O outro candidato forte é o
general da reserva Hugo Banzer Suarez, este jamais consagrado nas urnas, tendo
assumido o poder apenas após uma sublevação militar, que depôs o general Juan
José Torres, em 1971. Mas mostrou uma incrível resistência, ao conseguir
debelar pelo menos cinco tentativas de golpe, nos quase sete anos de seu
governo.
Foi um período marcado por greves, movimentos
sindicais e motins, reprimidos com a imposição do estdo de sítio em pelo menos
três oportunidades. Até que em 1978, Banzer não resistiu mais à pressão e
renunciou, em virtude de uma revolta generalizada nos quartéis, sendo
substituído por Juan Pereda Asbun, que por sua vez seria deposto quatro meses
após e sucedido por David Padilla Arancibia.

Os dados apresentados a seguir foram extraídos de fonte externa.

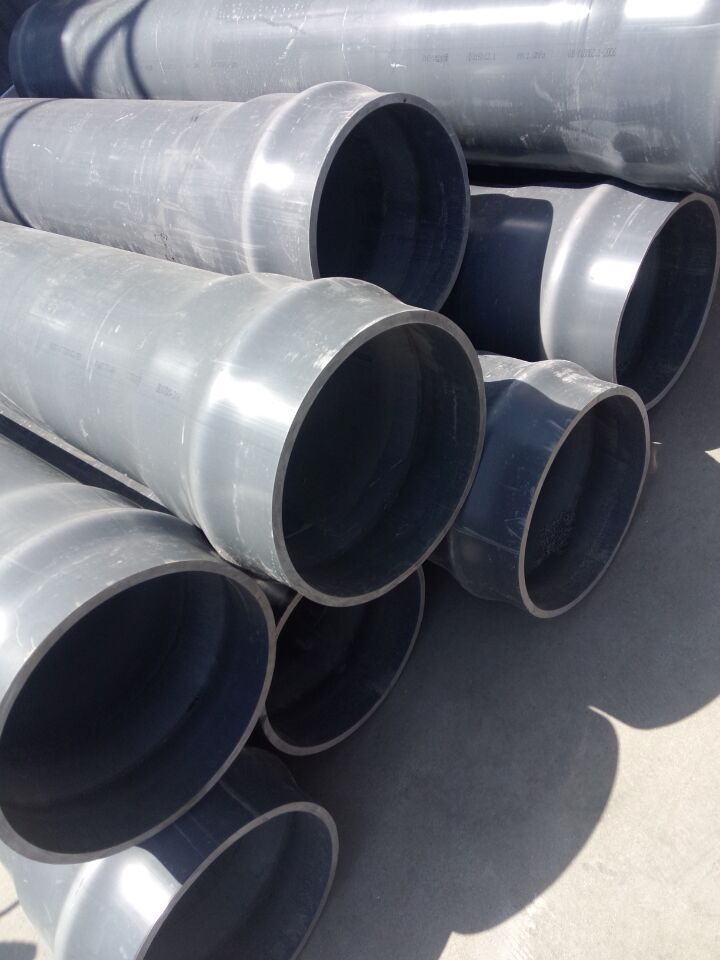 节水工程用pvc灌溉管卫生无毒 承插式接口pvc农田灌溉管安装方便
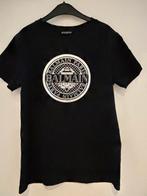 Balmain shirt met zilverkleurig logo print 10 jaar, Meisje, Ophalen of Verzenden, Zo goed als nieuw, Shirt of Longsleeve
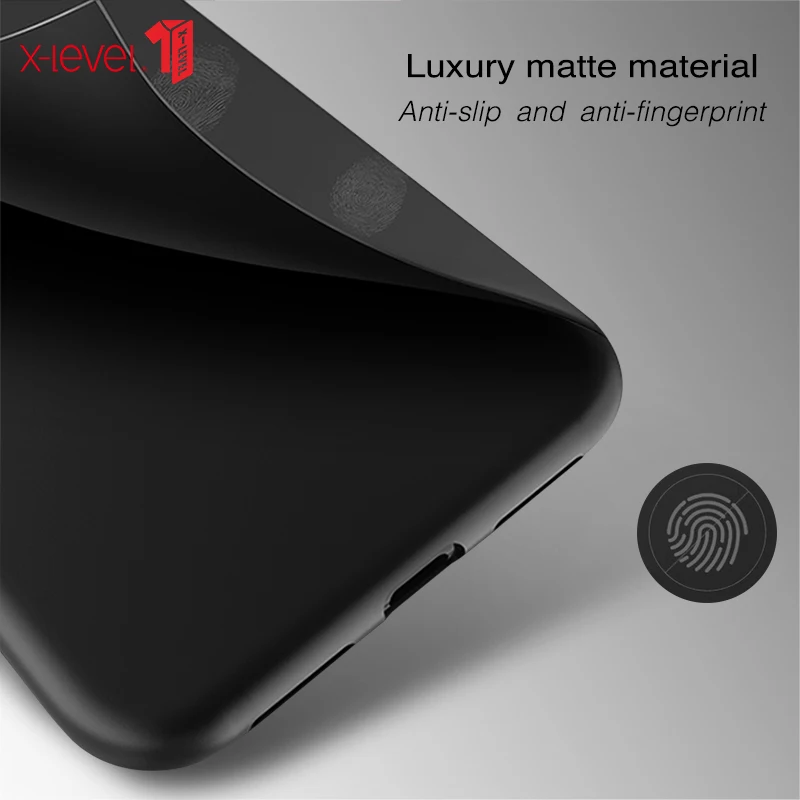 X-Nivel Para el iPhone X XS XR Caso de Silicona Suave de TPU Original Ultra Fino de Tacto Suave Protectora Volver Cubierta de la Funda Para el iPhone XS Max 1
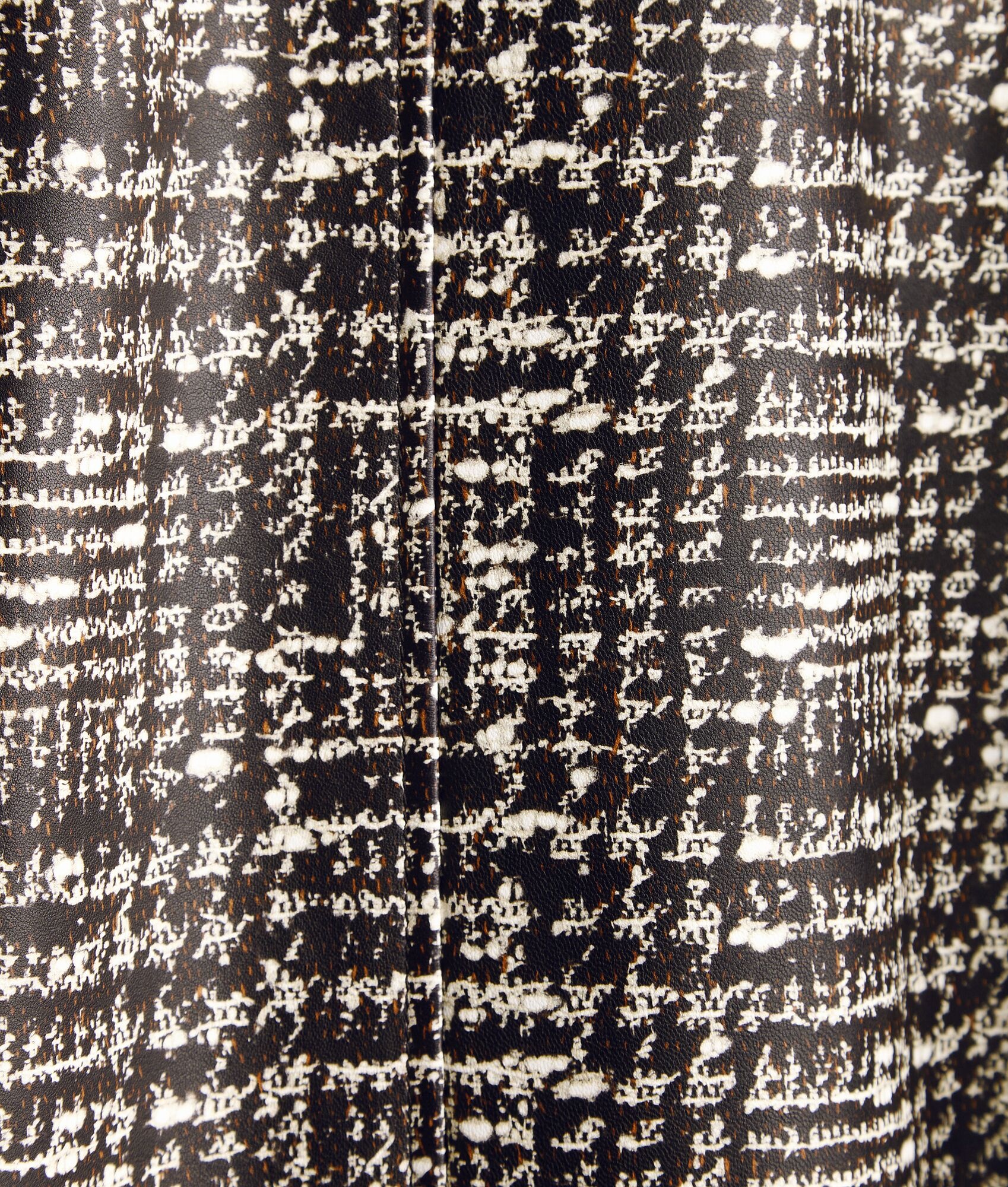 printed leather prince of wales coat - 4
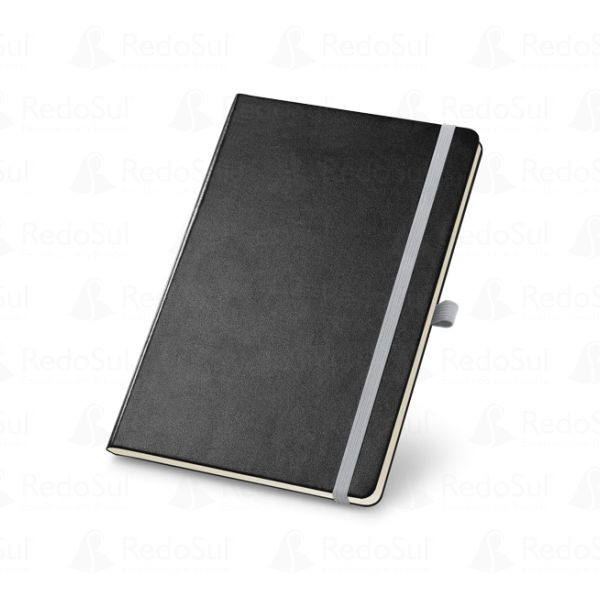 Caderno tipo moleskine personalizado 21 x 13,7 cm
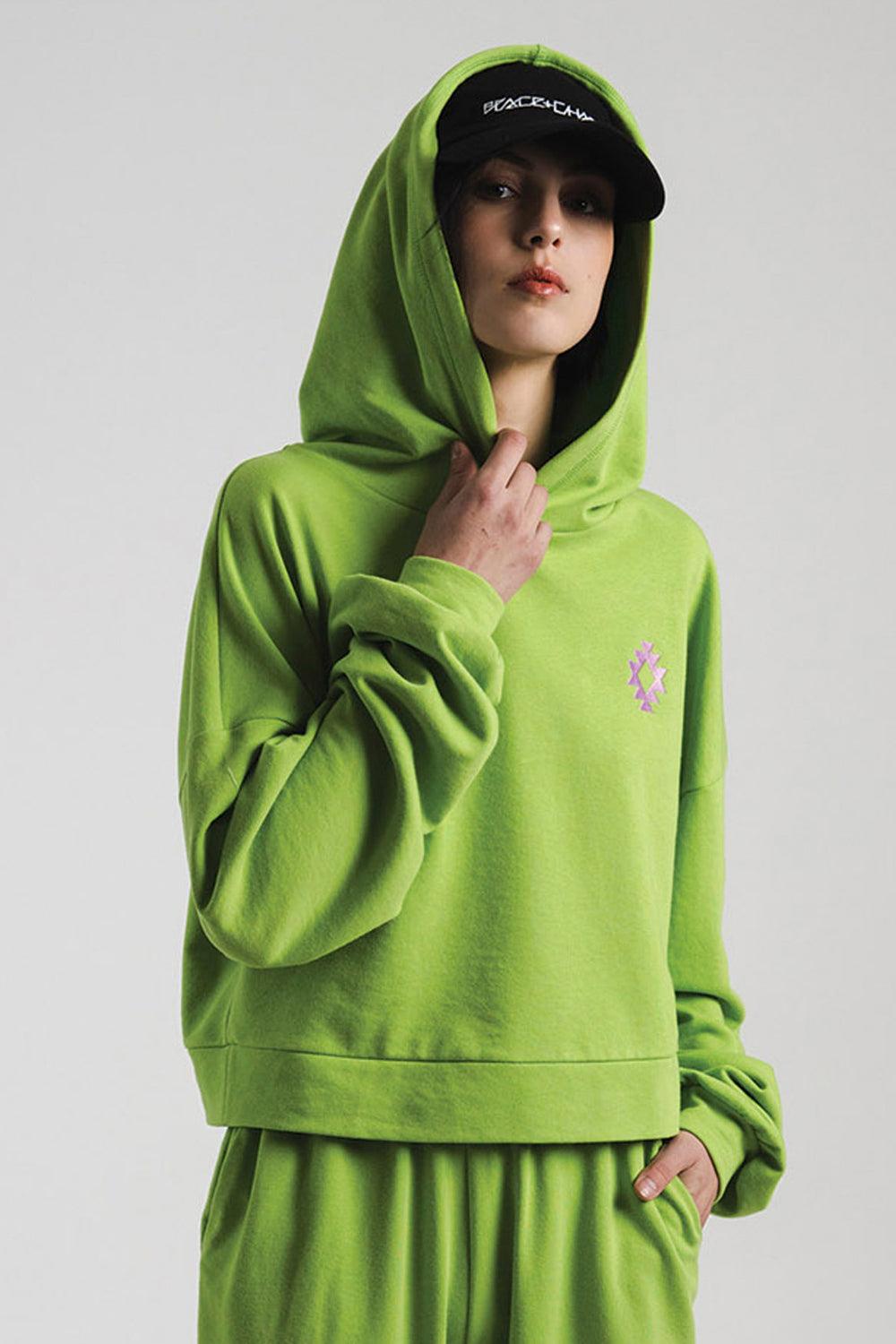 Peace & Chaos LIME HOODED SET - Vesta Donna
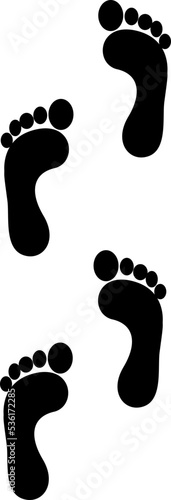 footprint foot steps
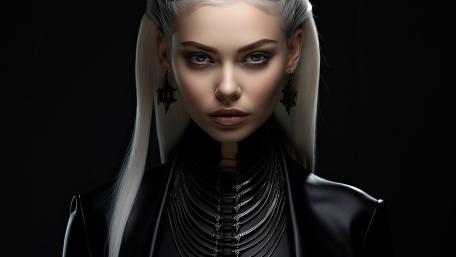 Ethereal Elegance in AI Artistry wallpaper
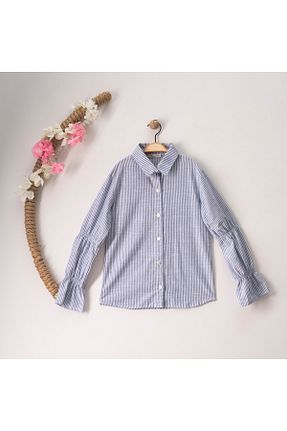 پیراهن آبی بچه گانه رگولار BÜŞRA - کد 653216292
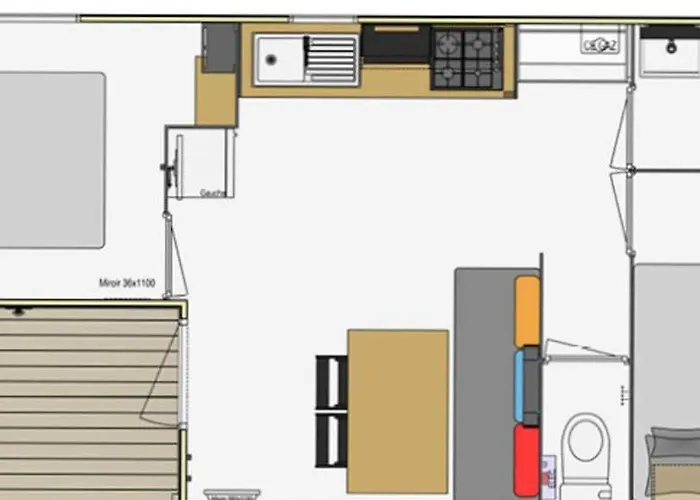 Mobil Confortable Avec Terrasse, 2 - Api-1-52-1006 Kamp alanı Groléjac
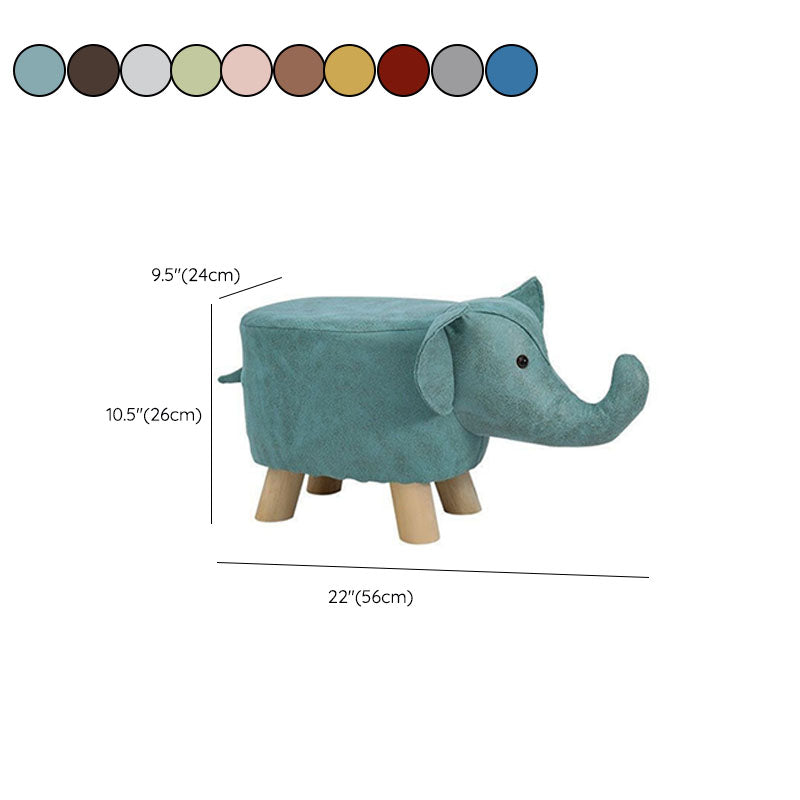 Contemporary Specialty Pouf Faux Leather Upholstered Ottoman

A história boliviana é toda ela
assim, marcada por instabilidade institucional. Em 160 anos de vida
independente, iniciada em 1825, conheceu 210 revoluções. Ou seja, uma média de
1,3 por ano. De 1931 até 1985, o país já teve 29 presidentes, o que equivale a
dizer, um a cada um ano e nove meses.
Como, pois, se estabelecer um
programa de governo e o colocar em prática se, mal um governo assume, já está
sendo intimado pelos militares a se afastar? Como organizar uma sociedade que
ainda não aprendeu a respeitar o direito da maioria expresso pela voz ds urnas?
Mesmo o atual presidente, que se
conseguir entregar a faixa a seu sucessor estará realizando a façanha de ser o
único, nos últimos vinte anos, a completar um mandato outorgado pelo povo,
viveu atribulações incríveis.
Em primeiro lugar, sua posse foi
adiada em dois anos, por uma sucessão de golpes, já que Zuazo foi eleito em
1980 e apenas assumiu em 1982. De então a esta data, já teve que conviver com
nove greves, três tentativas golpistas, um seqüestro (inédito, em termos
mundiais, quando passou dez horas em mãos dos seqüestradores) e pelo menos mais
cinco momentos de extrema tensão.
Isso, sem contar que, provavelmente, acabou sendo o
primeiro presidente de toda a comunidade internacional que precisou fazer uma
greve de fome para se fazer ouvido. Por tudo isso é que o pleito de 14 de julho
não está despertando nenhum entusiasmo na população.
Nos pronunciamentos dos
candidatos, não se percebe nenhum programa que possa tirar o país dessa crise
incrível que o assola. E o estado de confusão política só faz é exacerbar o
verdadeiro cós econômico, que torna a Bolívia o país com menos atrativos para
se governar. Mas, ainda assim, 72 partidos se dispuseram a obter registro,
conseguido por 64 deles. Como entender algo assim?
(Artigo publicado na página 18,
Internacional, do Correio Popular, em 19 de maio de 1985).